By Benjamin Franklin Martin
The Habsburg Empire disintegrated at the end of World War I, leaving much of Central and Eastern Europe divided into “successor states”: Austria, Hungary, Poland, Czechoslovakia, Romania, and Yugoslavia. Their history during the 1920s and 1930s—factional, chaotic, and authoritarian—evoked sympathy for a regime that had, however haphazardly, maintained stability and a relative peace among the many ethnic groups now divided and quarreling.

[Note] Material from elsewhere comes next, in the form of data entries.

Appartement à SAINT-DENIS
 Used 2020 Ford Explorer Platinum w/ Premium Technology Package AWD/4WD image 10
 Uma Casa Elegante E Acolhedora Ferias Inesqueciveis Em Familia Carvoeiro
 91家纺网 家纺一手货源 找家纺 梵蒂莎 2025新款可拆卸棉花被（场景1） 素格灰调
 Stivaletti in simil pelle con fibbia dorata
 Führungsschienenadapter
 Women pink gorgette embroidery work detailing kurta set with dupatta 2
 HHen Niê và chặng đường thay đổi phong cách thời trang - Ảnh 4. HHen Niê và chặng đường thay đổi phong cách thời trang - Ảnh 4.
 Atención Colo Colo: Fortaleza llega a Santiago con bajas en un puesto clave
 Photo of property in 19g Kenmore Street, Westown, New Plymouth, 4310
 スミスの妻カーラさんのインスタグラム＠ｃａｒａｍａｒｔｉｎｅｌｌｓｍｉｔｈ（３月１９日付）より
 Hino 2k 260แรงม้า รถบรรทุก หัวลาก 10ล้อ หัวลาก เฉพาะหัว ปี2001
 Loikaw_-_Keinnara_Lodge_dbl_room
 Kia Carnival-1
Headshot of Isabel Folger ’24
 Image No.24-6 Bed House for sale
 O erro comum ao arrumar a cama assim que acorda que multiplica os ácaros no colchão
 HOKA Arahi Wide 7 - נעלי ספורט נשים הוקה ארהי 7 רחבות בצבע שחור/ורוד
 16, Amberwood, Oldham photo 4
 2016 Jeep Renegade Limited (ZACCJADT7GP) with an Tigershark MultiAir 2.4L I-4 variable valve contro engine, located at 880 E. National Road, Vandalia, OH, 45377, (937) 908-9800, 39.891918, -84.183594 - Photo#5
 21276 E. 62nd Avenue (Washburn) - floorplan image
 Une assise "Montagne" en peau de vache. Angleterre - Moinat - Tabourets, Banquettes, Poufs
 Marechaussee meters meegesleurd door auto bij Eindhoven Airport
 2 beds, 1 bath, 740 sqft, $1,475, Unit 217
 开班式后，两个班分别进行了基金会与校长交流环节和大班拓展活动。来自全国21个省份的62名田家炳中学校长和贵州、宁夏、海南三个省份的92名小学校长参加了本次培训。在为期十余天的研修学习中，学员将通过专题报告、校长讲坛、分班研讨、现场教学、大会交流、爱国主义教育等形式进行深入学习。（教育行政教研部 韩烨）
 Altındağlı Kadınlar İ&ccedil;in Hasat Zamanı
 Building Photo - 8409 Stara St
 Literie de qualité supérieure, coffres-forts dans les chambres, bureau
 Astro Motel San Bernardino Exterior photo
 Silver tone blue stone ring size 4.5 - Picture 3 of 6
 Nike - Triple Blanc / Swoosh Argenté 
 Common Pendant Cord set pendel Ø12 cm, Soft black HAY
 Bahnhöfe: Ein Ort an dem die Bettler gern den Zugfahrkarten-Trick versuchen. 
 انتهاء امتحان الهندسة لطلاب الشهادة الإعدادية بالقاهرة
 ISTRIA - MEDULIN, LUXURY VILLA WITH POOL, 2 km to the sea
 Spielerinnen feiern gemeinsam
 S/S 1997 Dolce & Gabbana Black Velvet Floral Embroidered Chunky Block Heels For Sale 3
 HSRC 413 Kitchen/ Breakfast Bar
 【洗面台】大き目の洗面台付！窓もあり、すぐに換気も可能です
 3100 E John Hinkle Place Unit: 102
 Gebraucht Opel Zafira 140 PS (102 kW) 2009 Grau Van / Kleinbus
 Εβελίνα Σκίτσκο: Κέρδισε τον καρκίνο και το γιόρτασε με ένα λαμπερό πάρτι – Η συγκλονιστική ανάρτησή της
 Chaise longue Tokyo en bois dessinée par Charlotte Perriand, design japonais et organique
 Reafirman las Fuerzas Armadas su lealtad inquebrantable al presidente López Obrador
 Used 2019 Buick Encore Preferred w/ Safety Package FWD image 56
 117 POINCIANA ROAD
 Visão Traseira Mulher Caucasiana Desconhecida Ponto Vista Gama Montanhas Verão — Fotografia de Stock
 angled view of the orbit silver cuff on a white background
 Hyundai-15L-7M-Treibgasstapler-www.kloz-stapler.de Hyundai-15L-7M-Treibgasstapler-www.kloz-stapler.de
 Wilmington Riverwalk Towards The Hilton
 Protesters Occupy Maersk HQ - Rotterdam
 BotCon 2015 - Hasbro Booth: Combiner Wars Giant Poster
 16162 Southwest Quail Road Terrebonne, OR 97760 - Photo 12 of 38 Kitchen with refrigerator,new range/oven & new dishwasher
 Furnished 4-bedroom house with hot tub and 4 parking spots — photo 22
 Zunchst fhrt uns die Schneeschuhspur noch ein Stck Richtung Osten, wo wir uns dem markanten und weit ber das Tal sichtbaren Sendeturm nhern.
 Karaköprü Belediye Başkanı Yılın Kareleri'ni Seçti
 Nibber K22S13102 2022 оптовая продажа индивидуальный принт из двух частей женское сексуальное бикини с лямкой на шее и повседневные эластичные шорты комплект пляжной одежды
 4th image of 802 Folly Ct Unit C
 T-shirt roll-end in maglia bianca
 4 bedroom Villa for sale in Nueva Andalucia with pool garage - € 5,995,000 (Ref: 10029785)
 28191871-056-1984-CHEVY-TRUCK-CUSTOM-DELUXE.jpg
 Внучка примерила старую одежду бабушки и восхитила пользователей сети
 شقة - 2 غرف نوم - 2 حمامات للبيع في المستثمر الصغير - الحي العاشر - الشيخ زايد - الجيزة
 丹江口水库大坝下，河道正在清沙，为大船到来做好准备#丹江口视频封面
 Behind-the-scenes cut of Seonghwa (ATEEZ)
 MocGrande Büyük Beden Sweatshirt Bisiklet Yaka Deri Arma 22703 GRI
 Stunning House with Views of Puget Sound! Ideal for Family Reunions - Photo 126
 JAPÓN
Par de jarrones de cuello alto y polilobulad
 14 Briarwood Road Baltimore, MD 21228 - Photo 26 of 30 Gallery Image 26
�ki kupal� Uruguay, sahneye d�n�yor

Was the collapse of the Habsburg Empire inevitable? Traditional historiography has portrayed it as “a doomed anachronism.” In this long rebuttal, Pieter M. Judson (ΦBK, Swarthmore College, 1978) argues that the empire “crucially stabilized and coordinated heterogeneous desires, needs, and practices” and that it “celebrated the diversity of its peoples in its own terms, casting this diversity as a strength that benefitted all its citizens.” Indeed, the empire’s very laws were often retained by the successor states which were themselves mini-empires, all of them having a similar multiplicity of languages, customs, and religions.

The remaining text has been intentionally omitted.